12. La natura necessitata dello stesso rende inutile l’inoltro della previa comunicazione di avvio del procedimento, stante che il contributo della parte destinataria dell’atto non può comunque modificarne gli esiti finali. Nel procedimento sanzionatorio, inoltre, alla finalità informativa sopperisce l’accertamento dell’illecito, che nella specie è avvenuto a seguito di sopralluogo della Polizia municipale che ha finanche constatato l’attuale utilizzo a fini abitativi da parte del signor Dario Guardascione, figlio dell’appellante. L’ingiunzione a demolire, inoltre, riferisce testualmente che « la parte interessata fornisce copia della piantina catastale del piano seminterrato recante la data 16/11/2011, riferendo che l’intera palazzina è stata oggetto di lavori di straordinaria manutenzione nell’anno 1996 » e che « l’attuale abitazione occupata dal figlio, è stata ottenuta distaccandola dalla restante parte del seminterrato […]», il che conferma per tabulas la consapevolezza dell’avvenuto avvio del procedimento sanzionatorio.

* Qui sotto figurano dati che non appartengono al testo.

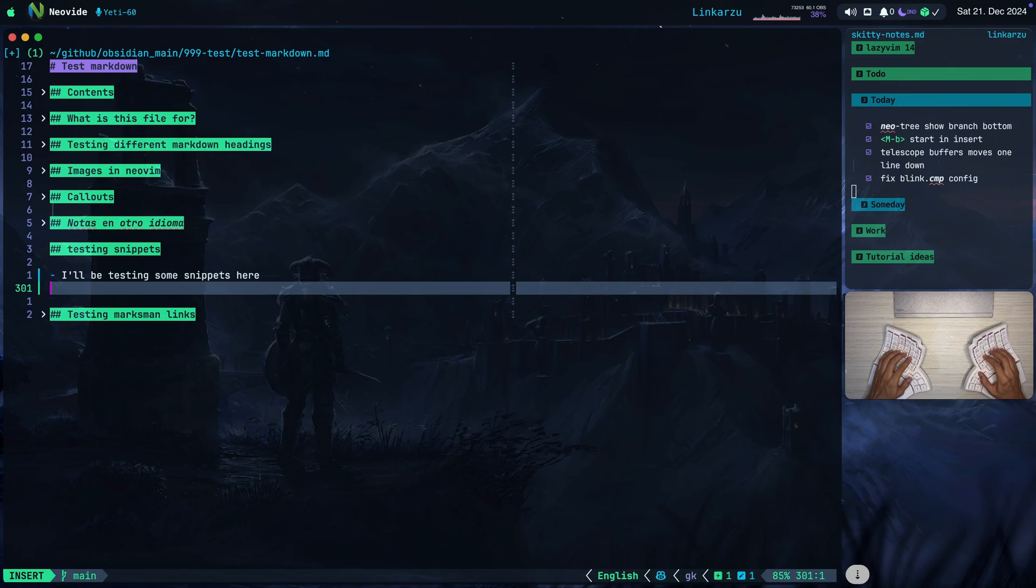In this video, I quickly want to go over a new plugin. It's called Blink.CMP. So what is this plugin? Let me type something here. Just going to type bash.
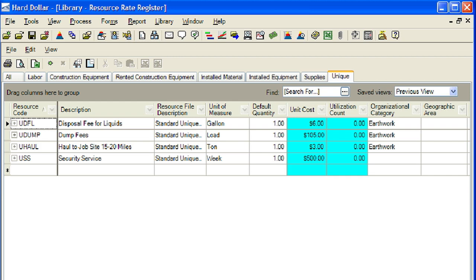For example, you may want to isolate dump fees or hauling from other costs. Or you can use them to charge for more than one cost category at a time when a resource is utilized — for example, by creating a unique resource for hauling services by hauler A, you can charge both the subcontract and the tax cost categories for a single resource. Or you can use them to spread a subcontract throughout a job's cost breakdown structure, or to charge for labor, owned construction equipment, or rented construction equipment resources on a non-hourly basis.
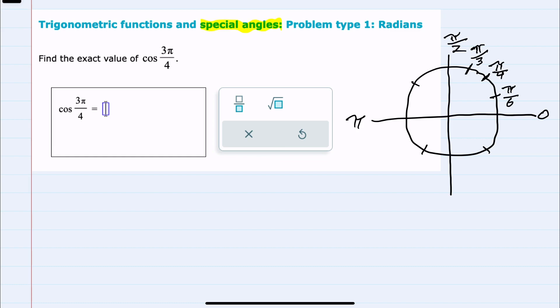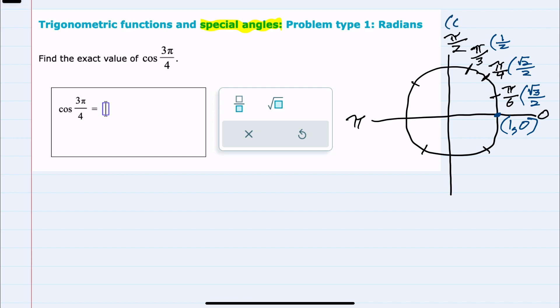So these are all of our special angles in quadrant 1, and the values starting at 0 — this is a unit circle, so 1 unit is our x value, so this would be 1, 0. The pattern is about square roots over 2: thinking of 1 as √4/2, next would be √3/2, then √2/2, then √1/2 which is just 1/2, and √0/2 is 0.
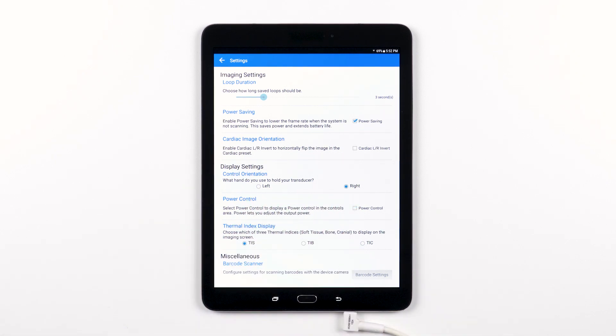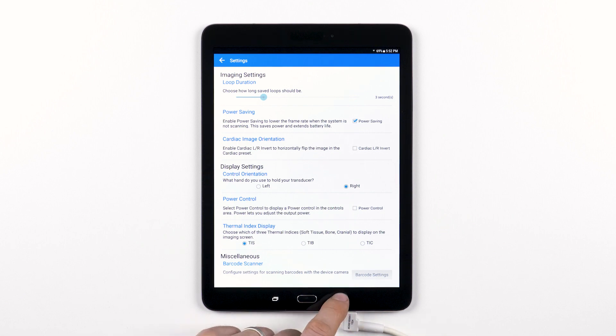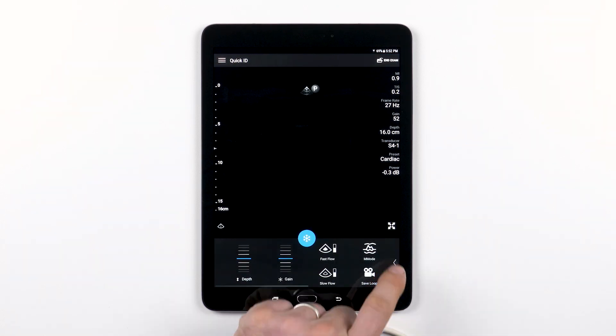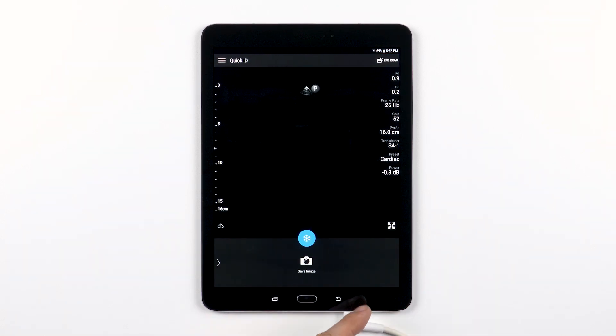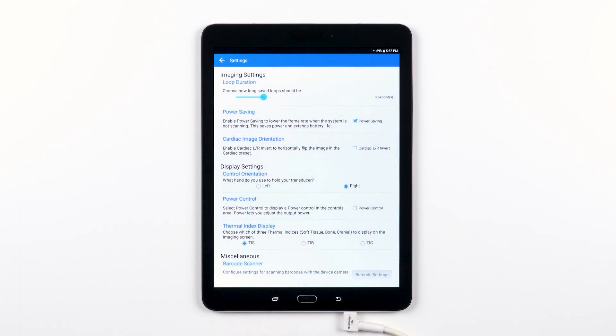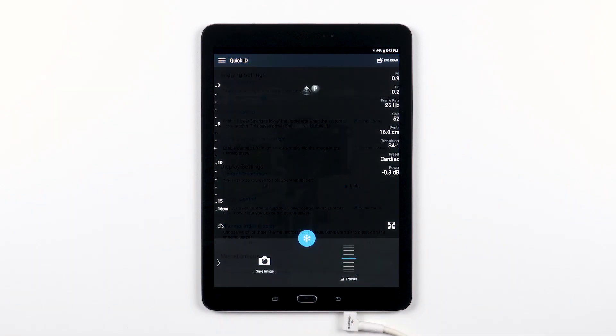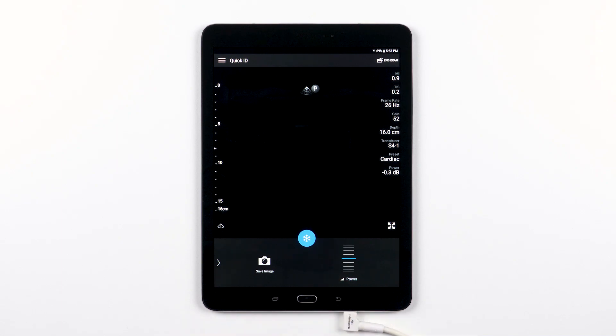The next option, power control, allows you to choose whether or not to have the transmit power control available in the control panel. If you uncheck the box, you will not have the power control available in the main ultrasound control panel while you are scanning.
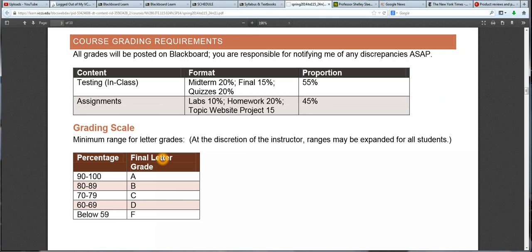Moving on to the grading section of the syllabus, you'll see that 55% of your grade comes from testing, while the remaining 45% is from assignments. These assignments will predominantly be done at home, while the testing is done in the classroom. For the midterm and final, you will have one portion that is hands-on. On the midterm, you'll be using Microsoft Excel, which is a spreadsheet application. On the final, you'll be using Microsoft Access, which is a database. In addition to the hands-on component, you will also have a portion of traditional objective multiple choice questions. So the midterm and final both consist of these two portions: one portion hands-on using the software, and one portion asking about computer concepts with multiple choice questions.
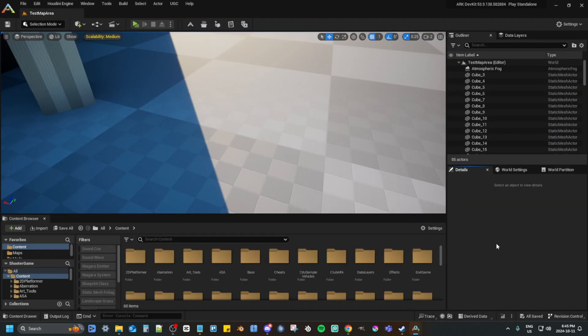Hello everyone, this is the start of a new tutorial series for ARK's Unreal Engine mapping and we are first going to create the mod.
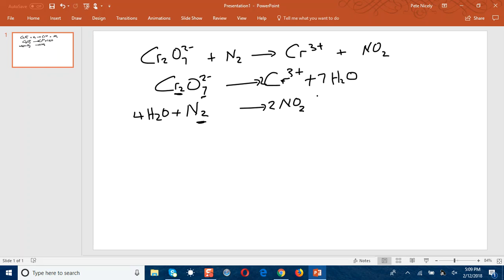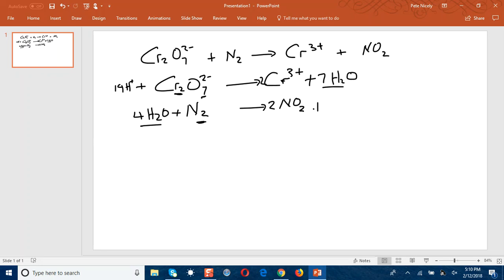The next step is to balance the hydrogens by adding hydrogen ions to the side that needs them. For the first half equation, we have 14 hydrogens from the water molecules but none on the left side, so I would add 14 hydrogen ions on the left. For the second half equation, there are a total of 8 hydrogens on the left but none on the right, so I would add 8 hydrogen ions on the right.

13. Infine, nessuna carenza motivazionale può essere ravvisata nella mancata indicazione, nel corpo del provvedimento demolitorio, dell’area di sedime da acquisire in caso di inottemperanza. Sul punto, infatti, il Collegio condivide la ricostruzione data dal T.a.r. per la Campania che ritiene, conformemente del resto alla giurisprudenza consolidata sul punto, tale elemento ultroneo nell’ambito dell’atto in questione, stante che la relativa precisazione attiene a quelli da adottare nell’evenienza la parte risulti inottemperante, quale conseguenza sanzionatoria di tale distinta condotta.

13.1. Tale ricostruzione delle fasi del procedimento sanzionatorio non muta per l’ipotesi di illecito concretizzatosi, come nella specie, in una modifica di destinazione d’uso, la cui estensione si identifica con quella dell’unità immobiliare destinata ad uso abitativo, e le peculiarità del suo inserirsi in un altro fabbricato immobiliare saranno affrontate dal Comune a tempo debito, valutando altresì le possibilità ripristinatorie in fase esecutiva.

14. Per tutto quanto detto, l’appello va respinto e per l’effetto va confermata la sentenza impugnata.

15. La tipologia della materia trattata giustifica la compensazione delle spese.